Why Tesla Motors is Still a Loser Company

According to Ana Kasparian of TYT, Tesla Motors is paying off it’s Government loan 5 years early. Yippee for the American tax-payer! — or maybe not!

Tesla Motors is the darling of American environmentalists, and after the the $465 million Government loan, there’s a lot riding on it’s success, especially for Democrats. Good will and a huge cash injection hasn’t translated into sales figures. The truth is that Tesla is in deep financial trouble. Tesla reported a loss of $89.9 million, or 79 cents a share, for the last quarter figures for 2012, compared with a loss of $81.5 million, or 78 cents a share the year before. It also missed production targets for the fourth-quarter.

In fact, since going public in 2010 because it desperately needed to raise operating capital, Tesla has yet to report a positive quarter for its investors. Which means you would be better off putting your life savings in a Cypriot bank than investing in Tesla. Not only has Tesla consistently failed to deliver on either production or sales projections, it has a negative operating income, negative growth and is saddled by debt and cash flow problems.

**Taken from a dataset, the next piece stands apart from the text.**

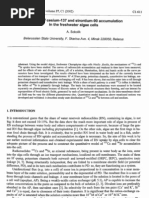 Modeling of Cesium-137 and Strontium-90 Accumulation in The Freshwater Algae Cells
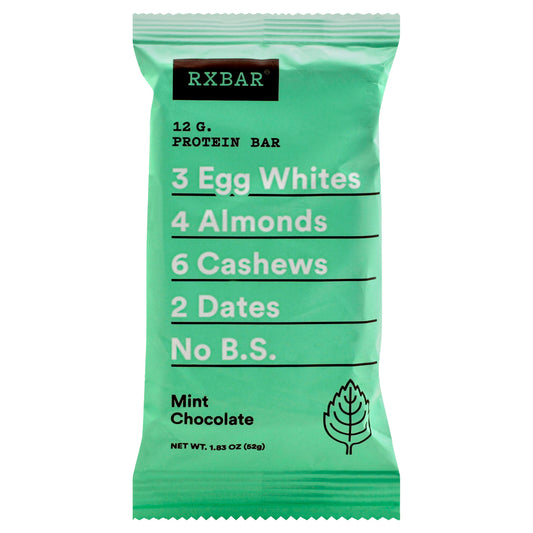 Rxbar Bar Protein Mint Chocolate 1.8 Oz (Pack of 12)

Tesla was forced to float reserve stock on the market to raise more operating, which has led to an over-valuation of the stock. Not good for share holders because the stocks going south.

So how has Tesla got in a position to pay back it’s loan. Well, it hasn’t. It actually was unable to make it’s scheduled repayment last September and had to renegotiate for more breathing space. Thus far, Tesla has paid back $12.7 million of it $465 million debt, which it now projects it will repay in full by 2017… that is of course assuming it doesn’t go bankrupt before then.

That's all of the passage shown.